The official way that you'll get taught in school is to learn Karnaugh Maps, and use one per to work out the logic to compute the next value of each bit. Then you work out what set of gates will implement said logic and wire it all up.
I won't bother telling you that one. I'll tell you two ways a hardware hacker does it: the easy way and the clever way.
The Easy Way
Get three one-of-eight multiplexer (MUX) chips, such as the TI SN74LS151. This chip uses three lines (A, B, C) to choose one of eight inputs (D0 through D7) to route to its output (Y).
Connect the three D flip-flop (DFF) outputs to the three select pins of each chip, with the least-significant bit going to A and the most-significant bit going to C. Connect the Y output from each MUX to the D input of its respective DFF.
The W pin is an inverted version of Y; you don't need it so don't connect it. The G pin is an active low enable; connect it to logic 0 (GND).
At this point, all you have to do is wire each D pin on each multiplexer to VCC or GND to set the next state for the DFFs, where the D input number is the current state. For your example (111->010->011->001), the first state is 7, and it advances to 2, so the D7 pins on the bit 2 and bit 0 MUXes are tied to GND, and the bit 1 MUX is tied to VCC. The next state is 3, so the D2 pins on the bit 0 and 1 MUXes are teid to VCC and the one on bit 2's MUX is tied to GND.
Any unused D pins on the MUXes need to be tied to some level; in this case, I'd recommend tying them all to VCC since your first state is 111.

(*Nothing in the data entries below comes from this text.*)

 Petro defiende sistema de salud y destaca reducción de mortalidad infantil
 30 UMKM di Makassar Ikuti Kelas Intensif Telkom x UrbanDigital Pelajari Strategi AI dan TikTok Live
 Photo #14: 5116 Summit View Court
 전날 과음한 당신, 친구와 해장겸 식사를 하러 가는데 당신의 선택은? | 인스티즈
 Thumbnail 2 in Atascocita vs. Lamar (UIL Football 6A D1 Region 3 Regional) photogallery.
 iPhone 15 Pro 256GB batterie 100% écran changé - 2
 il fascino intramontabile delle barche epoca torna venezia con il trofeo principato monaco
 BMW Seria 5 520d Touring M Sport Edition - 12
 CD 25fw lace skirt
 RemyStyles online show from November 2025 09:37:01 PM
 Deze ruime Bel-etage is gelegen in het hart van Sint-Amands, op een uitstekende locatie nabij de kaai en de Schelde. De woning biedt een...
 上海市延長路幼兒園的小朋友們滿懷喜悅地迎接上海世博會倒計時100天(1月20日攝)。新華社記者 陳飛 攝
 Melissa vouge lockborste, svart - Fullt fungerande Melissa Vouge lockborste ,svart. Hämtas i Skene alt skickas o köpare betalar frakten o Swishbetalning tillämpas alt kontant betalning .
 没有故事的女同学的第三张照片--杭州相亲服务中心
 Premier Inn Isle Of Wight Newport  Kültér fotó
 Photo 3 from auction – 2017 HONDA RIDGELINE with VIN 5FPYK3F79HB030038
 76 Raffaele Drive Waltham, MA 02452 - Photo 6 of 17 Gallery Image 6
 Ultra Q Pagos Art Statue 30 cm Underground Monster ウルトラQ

The great thing about this circuit is that you can completely change the count order just by rewiring the D pins. Also, this is how modern FPGAs implement combinational logic, with what are effectively lookup tables.
The Clever Way
You can get one more input bit to your function by realizing that you could connect the D pins to Q or Q-bar from the LSB DFF, and not just VCC or GND. In your example, you could use a dual 4-to-1 multiplexer such as the SN74LS153, and eliminate a MUX chip (one of them can handle two DFF inputs).